Hey! He doesn't work for Apple does he?
"Hey! He doesn't work for Apple does he?"
Nahh, the politicians are Microsofties - they treat the populace like idiots to keep them in line.
it was only hacked, nothing wrong with authorised hacking, but cracking, now that is a different story....
...at least according to Pickles, who says Wright once described Dave the Chameleon as a ‘horrible opportunistic scumbag.’ On Twitter.
One may find fault with Wright's honesty, but his judgement is spot-on.
But instead of saying how it can't be done, shall we consider how it can be done?
If you "own" the victim's PC - let's say you're a tabloid journalist or a hacker working for them - you can probably interceptsand edit all their communications. Now Twitter... I believe it has its own API or network protocol, and the web page but "no one" uses the web page. So the malware probably wants to divert tweets, sending them not to Twitter but to the hacker, and a minute or two of delay while you choose whether to let it pass, edit, or suppress it.
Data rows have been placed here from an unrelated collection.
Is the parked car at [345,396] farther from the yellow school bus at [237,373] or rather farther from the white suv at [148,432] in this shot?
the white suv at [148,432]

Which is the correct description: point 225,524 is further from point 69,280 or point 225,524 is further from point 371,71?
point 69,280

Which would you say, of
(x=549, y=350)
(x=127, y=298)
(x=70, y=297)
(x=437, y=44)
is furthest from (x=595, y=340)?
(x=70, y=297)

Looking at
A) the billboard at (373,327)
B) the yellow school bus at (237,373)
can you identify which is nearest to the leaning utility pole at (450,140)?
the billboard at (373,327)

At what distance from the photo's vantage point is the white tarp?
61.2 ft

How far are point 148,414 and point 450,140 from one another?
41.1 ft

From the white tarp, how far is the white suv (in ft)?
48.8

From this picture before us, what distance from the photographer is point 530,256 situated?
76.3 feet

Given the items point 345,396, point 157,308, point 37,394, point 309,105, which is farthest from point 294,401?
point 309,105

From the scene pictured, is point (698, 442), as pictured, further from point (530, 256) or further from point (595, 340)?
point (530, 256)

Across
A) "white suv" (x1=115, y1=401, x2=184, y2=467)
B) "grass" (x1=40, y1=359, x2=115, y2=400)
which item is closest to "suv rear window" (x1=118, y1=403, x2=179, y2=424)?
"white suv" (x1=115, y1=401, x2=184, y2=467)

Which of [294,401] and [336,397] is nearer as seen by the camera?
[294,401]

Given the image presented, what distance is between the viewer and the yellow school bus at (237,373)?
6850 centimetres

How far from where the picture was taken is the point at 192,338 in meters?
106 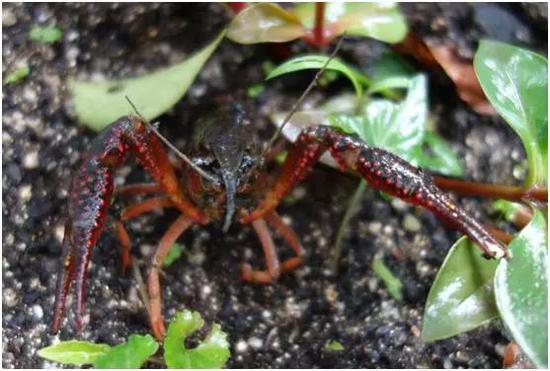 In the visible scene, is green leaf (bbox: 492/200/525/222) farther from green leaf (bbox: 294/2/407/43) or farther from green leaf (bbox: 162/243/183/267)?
green leaf (bbox: 162/243/183/267)

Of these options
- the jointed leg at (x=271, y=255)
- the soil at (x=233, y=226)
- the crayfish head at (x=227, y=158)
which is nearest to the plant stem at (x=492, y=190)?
the soil at (x=233, y=226)

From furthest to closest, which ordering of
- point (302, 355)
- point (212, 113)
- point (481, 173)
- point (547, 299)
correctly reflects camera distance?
1. point (481, 173)
2. point (212, 113)
3. point (302, 355)
4. point (547, 299)

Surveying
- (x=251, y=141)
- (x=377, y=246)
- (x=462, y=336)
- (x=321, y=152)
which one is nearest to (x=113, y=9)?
(x=251, y=141)

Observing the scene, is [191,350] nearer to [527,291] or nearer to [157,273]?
[157,273]

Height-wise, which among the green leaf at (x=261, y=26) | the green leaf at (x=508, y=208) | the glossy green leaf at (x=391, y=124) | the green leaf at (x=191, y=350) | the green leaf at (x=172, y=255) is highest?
the green leaf at (x=261, y=26)

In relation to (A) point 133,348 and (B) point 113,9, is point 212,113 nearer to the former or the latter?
(B) point 113,9

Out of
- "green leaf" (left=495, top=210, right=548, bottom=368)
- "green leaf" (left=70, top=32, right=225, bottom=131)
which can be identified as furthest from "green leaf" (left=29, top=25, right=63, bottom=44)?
"green leaf" (left=495, top=210, right=548, bottom=368)

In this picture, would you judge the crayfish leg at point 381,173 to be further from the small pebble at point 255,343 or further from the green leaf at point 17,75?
the green leaf at point 17,75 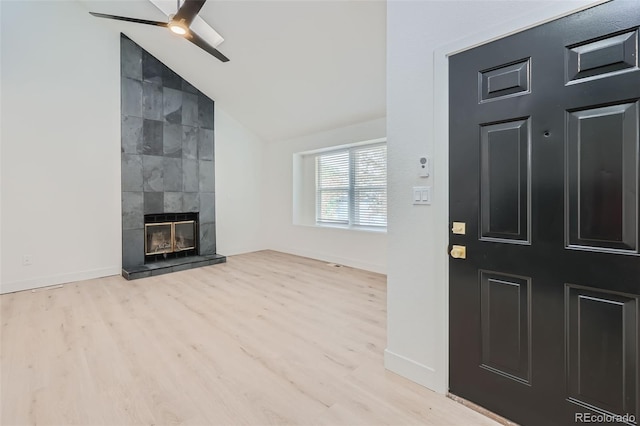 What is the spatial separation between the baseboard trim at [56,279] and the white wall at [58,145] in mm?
11

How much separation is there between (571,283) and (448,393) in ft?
3.12

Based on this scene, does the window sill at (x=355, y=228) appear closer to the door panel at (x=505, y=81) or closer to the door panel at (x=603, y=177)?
the door panel at (x=505, y=81)

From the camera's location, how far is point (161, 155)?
4949mm

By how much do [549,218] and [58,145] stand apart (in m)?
5.50

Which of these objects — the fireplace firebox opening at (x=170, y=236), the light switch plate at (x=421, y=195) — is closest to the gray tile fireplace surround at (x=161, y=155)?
the fireplace firebox opening at (x=170, y=236)

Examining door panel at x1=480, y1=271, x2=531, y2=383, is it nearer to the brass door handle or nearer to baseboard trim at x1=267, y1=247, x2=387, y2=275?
the brass door handle

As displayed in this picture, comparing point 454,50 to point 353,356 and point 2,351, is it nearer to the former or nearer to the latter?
point 353,356

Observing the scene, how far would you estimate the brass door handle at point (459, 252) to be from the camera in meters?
1.69

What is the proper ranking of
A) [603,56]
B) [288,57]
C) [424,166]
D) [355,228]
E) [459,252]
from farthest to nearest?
[355,228], [288,57], [424,166], [459,252], [603,56]

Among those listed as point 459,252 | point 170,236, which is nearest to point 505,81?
point 459,252

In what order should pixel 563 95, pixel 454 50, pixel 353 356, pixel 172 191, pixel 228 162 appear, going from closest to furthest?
pixel 563 95
pixel 454 50
pixel 353 356
pixel 172 191
pixel 228 162

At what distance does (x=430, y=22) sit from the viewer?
5.84 ft

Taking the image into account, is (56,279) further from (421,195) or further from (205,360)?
(421,195)

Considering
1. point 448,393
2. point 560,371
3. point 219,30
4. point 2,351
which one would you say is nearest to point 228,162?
point 219,30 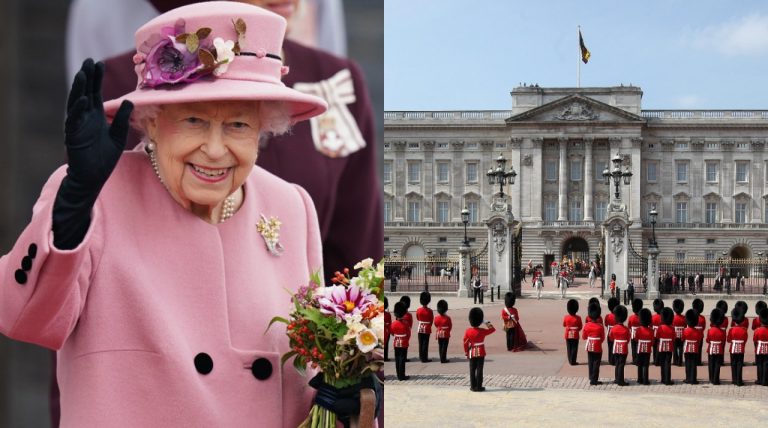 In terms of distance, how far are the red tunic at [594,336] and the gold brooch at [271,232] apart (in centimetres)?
969

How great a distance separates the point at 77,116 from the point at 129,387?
3.73 feet

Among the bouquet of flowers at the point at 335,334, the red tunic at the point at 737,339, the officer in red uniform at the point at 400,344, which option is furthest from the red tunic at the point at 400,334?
the bouquet of flowers at the point at 335,334

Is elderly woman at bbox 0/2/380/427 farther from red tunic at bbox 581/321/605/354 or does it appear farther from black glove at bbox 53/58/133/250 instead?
red tunic at bbox 581/321/605/354

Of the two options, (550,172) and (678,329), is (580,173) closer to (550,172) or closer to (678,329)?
(550,172)

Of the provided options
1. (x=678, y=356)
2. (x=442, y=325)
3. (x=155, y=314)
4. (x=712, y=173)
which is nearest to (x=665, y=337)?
(x=678, y=356)

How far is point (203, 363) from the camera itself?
3.62m

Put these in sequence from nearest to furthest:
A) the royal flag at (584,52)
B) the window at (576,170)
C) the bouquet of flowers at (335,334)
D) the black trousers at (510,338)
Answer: the bouquet of flowers at (335,334) → the black trousers at (510,338) → the royal flag at (584,52) → the window at (576,170)

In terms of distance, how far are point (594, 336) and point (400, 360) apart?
2.86m

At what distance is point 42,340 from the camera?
3.38m

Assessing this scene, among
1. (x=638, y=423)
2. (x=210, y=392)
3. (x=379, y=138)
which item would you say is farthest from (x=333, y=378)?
(x=638, y=423)

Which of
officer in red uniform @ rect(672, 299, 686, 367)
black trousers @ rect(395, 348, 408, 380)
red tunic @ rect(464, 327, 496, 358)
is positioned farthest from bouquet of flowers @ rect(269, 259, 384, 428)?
officer in red uniform @ rect(672, 299, 686, 367)

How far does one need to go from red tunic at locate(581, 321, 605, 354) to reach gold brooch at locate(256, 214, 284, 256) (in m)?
9.69

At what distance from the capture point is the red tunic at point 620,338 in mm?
12580

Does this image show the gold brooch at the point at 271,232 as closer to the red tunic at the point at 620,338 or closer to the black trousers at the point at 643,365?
the red tunic at the point at 620,338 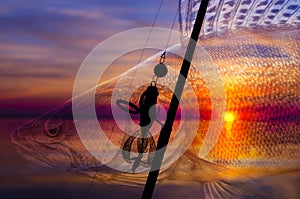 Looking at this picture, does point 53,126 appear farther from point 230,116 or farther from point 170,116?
point 170,116

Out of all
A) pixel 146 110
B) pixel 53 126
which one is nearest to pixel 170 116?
pixel 146 110

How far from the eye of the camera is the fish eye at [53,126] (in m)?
7.53

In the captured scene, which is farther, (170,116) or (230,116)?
(230,116)

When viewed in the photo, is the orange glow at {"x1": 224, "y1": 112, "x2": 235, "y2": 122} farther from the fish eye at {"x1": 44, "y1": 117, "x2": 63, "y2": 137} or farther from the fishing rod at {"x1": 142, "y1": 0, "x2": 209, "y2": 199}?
the fishing rod at {"x1": 142, "y1": 0, "x2": 209, "y2": 199}

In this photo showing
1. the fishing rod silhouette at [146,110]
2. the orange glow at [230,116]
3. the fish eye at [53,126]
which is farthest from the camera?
the orange glow at [230,116]

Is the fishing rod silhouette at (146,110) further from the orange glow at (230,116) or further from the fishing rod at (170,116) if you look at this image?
the orange glow at (230,116)

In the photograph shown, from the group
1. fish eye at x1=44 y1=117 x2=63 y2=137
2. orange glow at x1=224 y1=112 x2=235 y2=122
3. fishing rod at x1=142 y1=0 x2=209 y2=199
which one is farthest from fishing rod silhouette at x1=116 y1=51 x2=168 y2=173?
orange glow at x1=224 y1=112 x2=235 y2=122

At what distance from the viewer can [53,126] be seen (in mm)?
7578

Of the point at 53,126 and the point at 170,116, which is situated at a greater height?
the point at 53,126

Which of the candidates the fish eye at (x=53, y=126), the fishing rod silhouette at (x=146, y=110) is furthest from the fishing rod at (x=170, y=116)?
the fish eye at (x=53, y=126)

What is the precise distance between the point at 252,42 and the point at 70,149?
8.48 ft

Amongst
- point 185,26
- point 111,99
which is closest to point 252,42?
point 185,26

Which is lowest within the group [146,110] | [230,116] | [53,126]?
[146,110]

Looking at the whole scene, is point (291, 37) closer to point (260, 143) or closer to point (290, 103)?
point (290, 103) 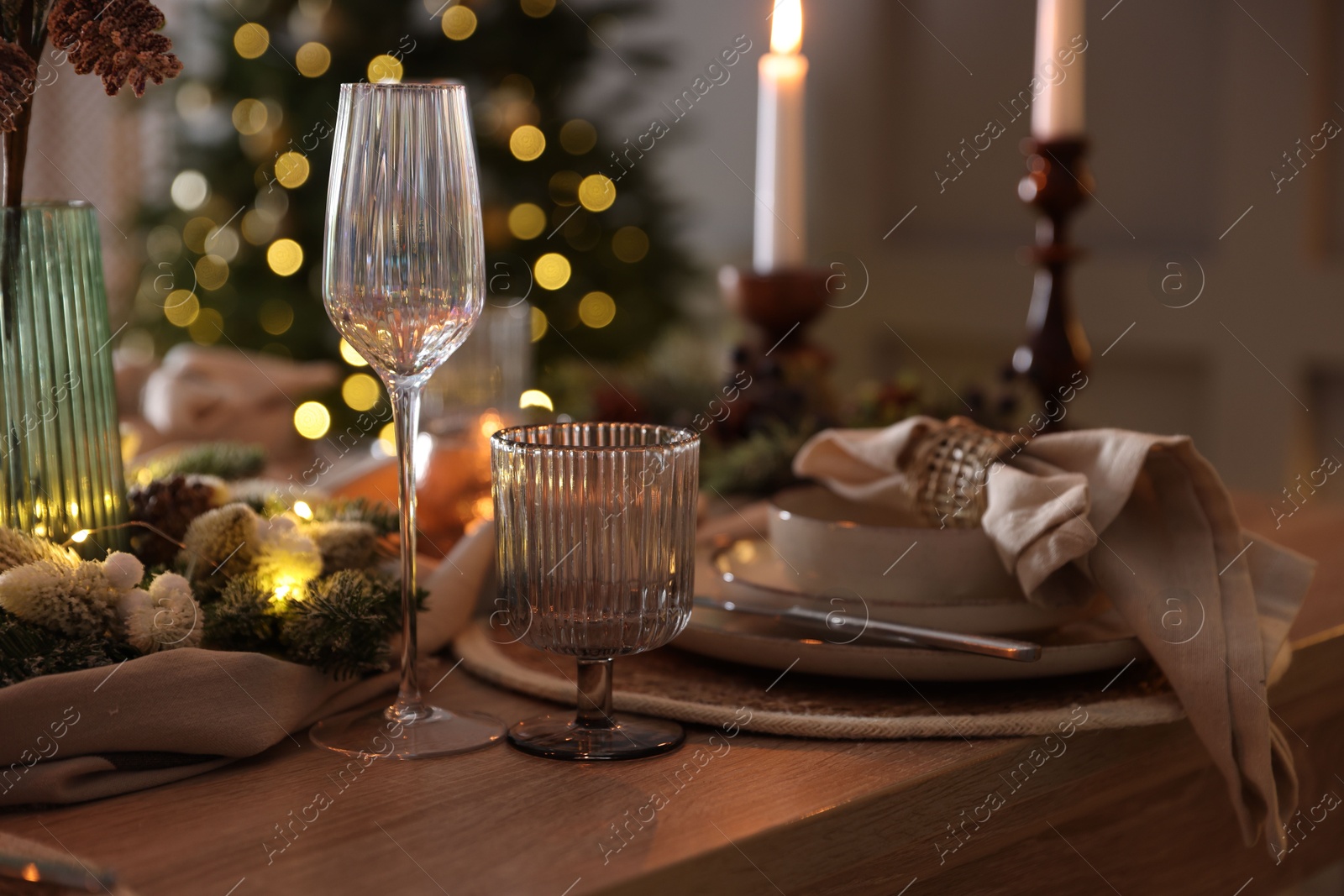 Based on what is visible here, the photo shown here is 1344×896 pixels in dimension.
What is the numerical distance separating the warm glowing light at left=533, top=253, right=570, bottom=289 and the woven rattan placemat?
1.89 metres

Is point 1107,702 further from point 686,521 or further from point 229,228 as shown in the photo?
point 229,228

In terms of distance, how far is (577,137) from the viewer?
2.60m

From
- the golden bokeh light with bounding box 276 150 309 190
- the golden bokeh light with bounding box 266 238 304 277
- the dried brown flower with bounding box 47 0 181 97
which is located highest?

More easily, you can just trick them into using your "enhanced" interface to Twitter and voluntarily passing all their tweets through your computer.
(It doesn't have to have any real enhancements, except for helpfully substituting "Tories" with "scum sucking pigs" in text submitted after 11pm.)
There's precedent: http://www.viruslist.com/en/viruses/encyclopedia?virusid=5337 , a utility that auto-completes "Thatcher", when you type it, to "Thatcher is a #@$&*". Bearing in mind that Carol Thatcher was suspended from "The One Show" on BBC TV after what she seems to have said off-air about a French tennis player, Mark Thatcher apparently attempted to mount a mercenary takeover in Equatorial Guinea, and Mark's children were being privately educated in the United States, this software looks like being useful for a while to come. I'm not aware that the next generation have done anything appalling yet, but it must be only a matter of time, don't you think?
As for scum-sucking pigs: well, the remark is probably offensive to domestic pigs, who in fact have always had to eat what they're given, and, these days, receive normal, carefully and safely prepared animal fodder. And wild pigs are more choosy. They'll have truffles if they can get them. But if anyone or anything is sucking scum then that is probably a good thing. It is better than leaving scum lying around around the place. But you might not want to kiss them afterwards.
... do pigs actually suck scum? If they do, is it bad? Does this insult actually make any sense? Would we actually be better off with scum-sucking pigs (the four-legged kind, not Tories) running the country? Inquiring minds want to know
That's the novel by Martin Brookmyre. MPs, scandal, a trail of dodgy comments.